What experiments are studying dark energy?

Major experiments focused specifically on dark energy include:

• The Dark Energy Survey (DES), led by Fermi National Accelerator Laboratory, took measurements of the sky from 2013 to 2019 from a Chilean mountaintop; its data continue to be analyzed and released.

• The Dark Energy Spectroscopic Instrument (DESI) is an instrument located on an Arizona mountaintop, led by Lawrence Berkeley National Laboratory, which has been surveying the universe since 2021.

When the Vera C. Rubin Observatory and Nancy Grace Roman Space Telescope come online in the next few years, their measurements of the universe are expected to add at least an order of magnitude more precision.

Why is dark energy so difficult to figure out?

Right now, the only way to see dark energy’s effects is by measuring the universe at very large scales—and those are very difficult measurements to make.

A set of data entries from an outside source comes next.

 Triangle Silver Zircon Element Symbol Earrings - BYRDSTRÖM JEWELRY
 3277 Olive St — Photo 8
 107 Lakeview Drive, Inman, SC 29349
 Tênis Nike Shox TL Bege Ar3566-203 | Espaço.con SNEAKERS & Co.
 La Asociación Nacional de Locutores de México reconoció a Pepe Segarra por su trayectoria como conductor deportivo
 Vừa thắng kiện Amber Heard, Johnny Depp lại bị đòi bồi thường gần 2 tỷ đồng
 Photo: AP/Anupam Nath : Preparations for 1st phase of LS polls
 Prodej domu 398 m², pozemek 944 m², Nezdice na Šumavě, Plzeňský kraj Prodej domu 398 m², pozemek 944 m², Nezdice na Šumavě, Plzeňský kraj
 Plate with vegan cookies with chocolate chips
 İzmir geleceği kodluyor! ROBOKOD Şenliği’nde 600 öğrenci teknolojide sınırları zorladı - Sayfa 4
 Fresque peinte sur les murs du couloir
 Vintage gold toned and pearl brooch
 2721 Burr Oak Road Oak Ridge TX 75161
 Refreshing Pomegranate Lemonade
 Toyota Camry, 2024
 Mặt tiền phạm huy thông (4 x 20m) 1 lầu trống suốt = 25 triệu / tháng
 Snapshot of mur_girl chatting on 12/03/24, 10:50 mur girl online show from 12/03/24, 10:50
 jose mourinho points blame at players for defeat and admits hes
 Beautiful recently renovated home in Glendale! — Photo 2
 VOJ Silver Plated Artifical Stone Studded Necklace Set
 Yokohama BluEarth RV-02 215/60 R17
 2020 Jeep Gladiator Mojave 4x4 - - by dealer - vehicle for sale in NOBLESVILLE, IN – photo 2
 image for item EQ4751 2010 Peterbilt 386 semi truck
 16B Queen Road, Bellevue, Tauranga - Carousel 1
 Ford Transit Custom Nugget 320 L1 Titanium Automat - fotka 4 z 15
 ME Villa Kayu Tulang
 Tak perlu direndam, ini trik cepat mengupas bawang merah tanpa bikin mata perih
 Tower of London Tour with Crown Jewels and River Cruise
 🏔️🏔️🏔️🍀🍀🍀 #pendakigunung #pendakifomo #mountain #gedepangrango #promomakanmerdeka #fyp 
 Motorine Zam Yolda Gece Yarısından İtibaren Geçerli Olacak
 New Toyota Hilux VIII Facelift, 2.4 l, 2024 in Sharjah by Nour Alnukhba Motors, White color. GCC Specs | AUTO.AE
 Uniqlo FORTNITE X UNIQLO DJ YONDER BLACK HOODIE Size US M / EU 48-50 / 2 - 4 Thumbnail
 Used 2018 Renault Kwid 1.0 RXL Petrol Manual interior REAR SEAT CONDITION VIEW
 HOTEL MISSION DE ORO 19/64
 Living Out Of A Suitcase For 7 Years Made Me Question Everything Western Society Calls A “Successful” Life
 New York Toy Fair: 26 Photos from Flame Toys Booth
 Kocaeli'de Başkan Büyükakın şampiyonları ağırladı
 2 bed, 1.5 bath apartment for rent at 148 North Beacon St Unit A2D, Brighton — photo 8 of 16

“To see the effects of dark energy, we need to go beyond our galaxy, to really look at how galaxies are moving away or coming towards each other. And those are measurements that are harder to make,” explained Frieman. “You’re talking about observing hundreds of millions of galaxies with very high precision.”

“Sometimes we have a puzzle in science where we can kind of see how it’ll play out. This isn’t one of these,” said Turner. “This is a very big, very rich mystery, and the story’s going to take a while to find out. It’s possible that it could be a puzzle that we unearthed before we had the capability of solving it.”